— REQUIREMENT —
Leaving every picture out, repeat all of the entries below exactly.

(Stored data)
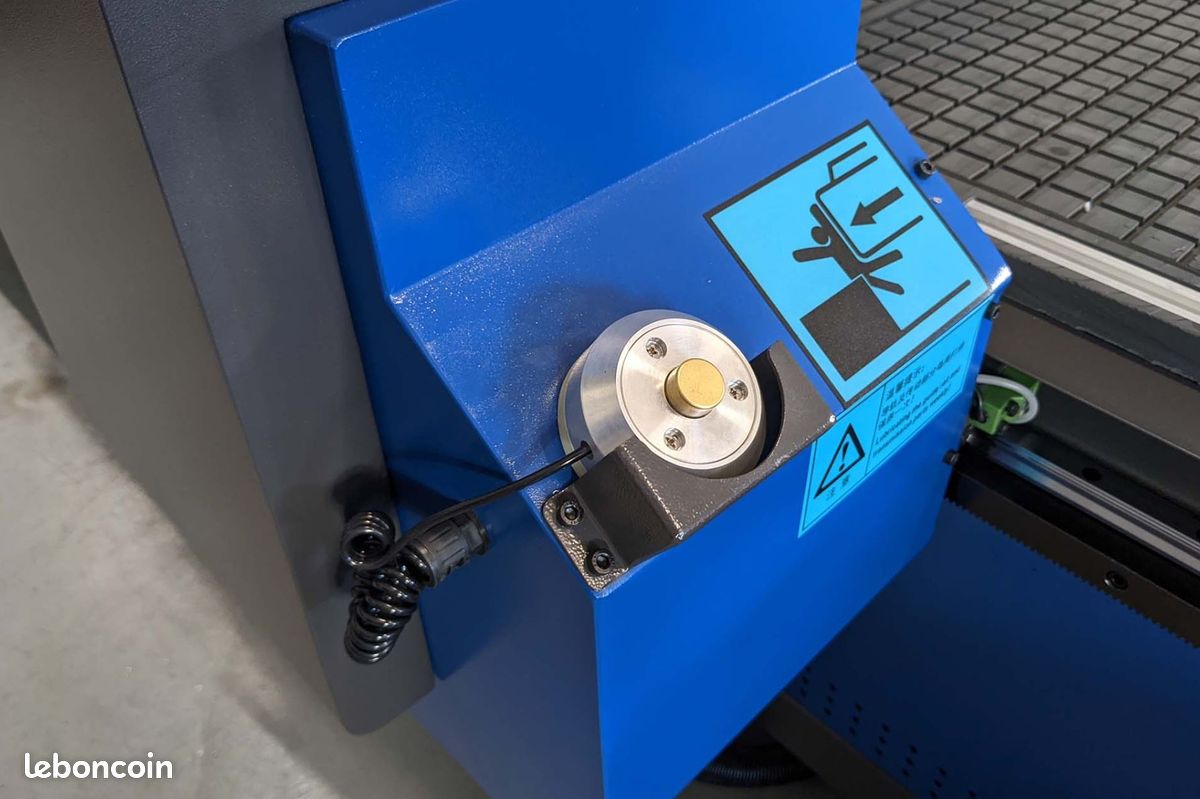 CNC H3000 / H3000 VAC Industrielle 1250x2500 à 2000x3000 – Table à vide – Fabrication Européenne (image 6)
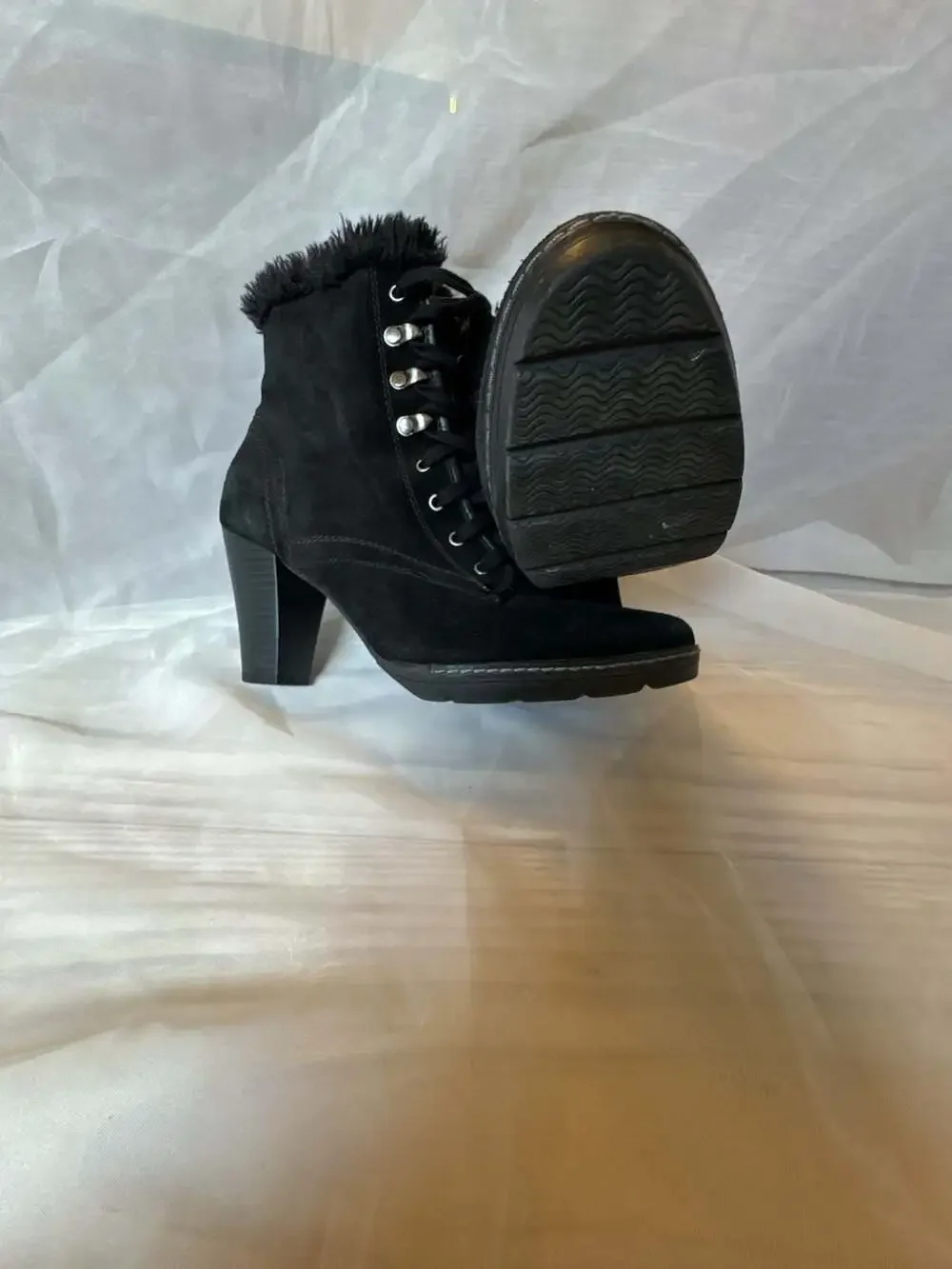 Blondo AquaProtect B4778-31 Women's Black Suede Lace-Up Ankle Boots with Faux Fu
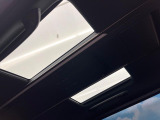 【左右独立ムーンルーフ】2列目左右席にそれぞれ配置されたガラスルーフ!日差しに合わせて片側だけシェードを閉めることも可能です!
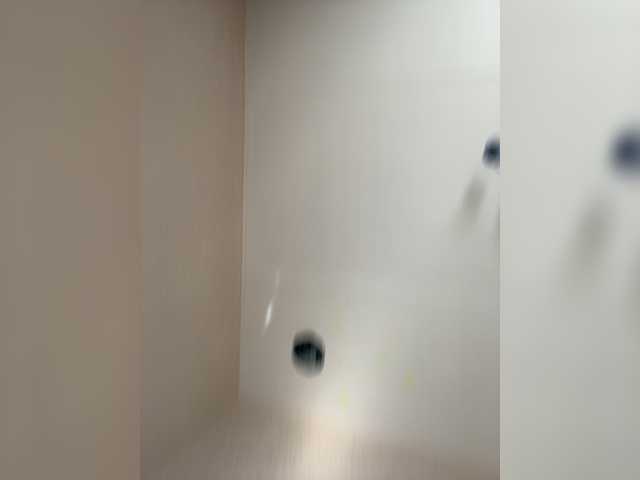 -Hennessy- live webcam show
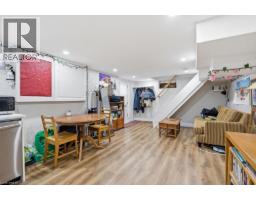 773 LAWRENCE Road - 33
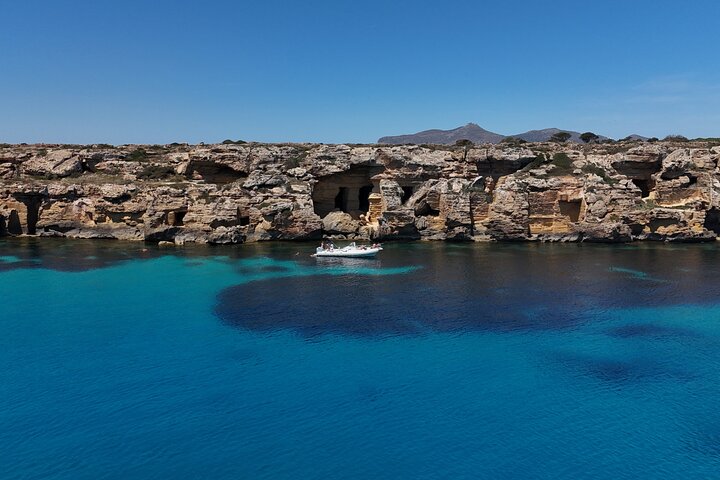 Favignana och Levanzo, Egadiska öarna turnerar med båt från Trapani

— SOLUTION BELOW —
 CNC H3000 / H3000 VAC Industrielle 1250x2500 à 2000x3000 – Table à vide – Fabrication Européenne (image 6)
 Blondo AquaProtect B4778-31 Women's Black Suede Lace-Up Ankle Boots with Faux Fu
 【左右独立ムーンルーフ】2列目左右席にそれぞれ配置されたガラスルーフ!日差しに合わせて片側だけシェードを閉めることも可能です!
 -Hennessy- live webcam show
 773 LAWRENCE Road - 33
 Favignana och Levanzo, Egadiska öarna turnerar med båt från Trapani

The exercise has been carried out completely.